Zu den tapferen Menschen, deren Leben unser eigenes berührt hat, gehören sicherlich Familienangehörige, Mitarbeiter auf Mission, Freunde, Führer der Kirche, Lehrer und andere, deren Wege unseren kreuzten. Einige kennen wir sehr gut, andere nur durch ihren Ruf. Weniger offensichtlich ist uns oft der Einfluß, den wir auf andere haben können. Diese Wechselwirkung ist in meinen Augen einer der Gründe, warum eine Gemeinschaft gläubiger Heiliger der Letzten Tage ein Grundelement des Evangeliums ist. Das erklärt auch, warum wir Gemeindehäuser bauen und keine Einsiedeleien.
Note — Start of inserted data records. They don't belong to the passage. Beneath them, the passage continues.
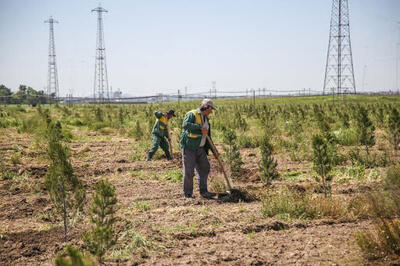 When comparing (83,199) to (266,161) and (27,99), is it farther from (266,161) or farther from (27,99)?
(27,99)

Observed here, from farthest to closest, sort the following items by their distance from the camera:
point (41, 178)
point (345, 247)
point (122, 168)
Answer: point (122, 168) < point (41, 178) < point (345, 247)

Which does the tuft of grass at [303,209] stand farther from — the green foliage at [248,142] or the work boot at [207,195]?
the green foliage at [248,142]

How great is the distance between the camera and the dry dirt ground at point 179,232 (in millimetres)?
4230

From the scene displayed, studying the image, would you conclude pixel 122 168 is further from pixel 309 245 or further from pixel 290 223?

Durch das Leben guter Menschen können wir zumindest zum Teil besser mit dem größten aller Leben vertraut werden. Wenn wir das Abbild Christi im Gesichtsausdruck anderer sehen, hilft es uns, so zu leben, daß es sich in unserem widerspiegeln kann.

Ich danke Gott für den Segen guter Menschen im Leben von uns allen und bete, daß wir auf die eine oder andere Weise bei anderen den selben Zweck erfüllen.Im Namen Jesu Christi. Amen.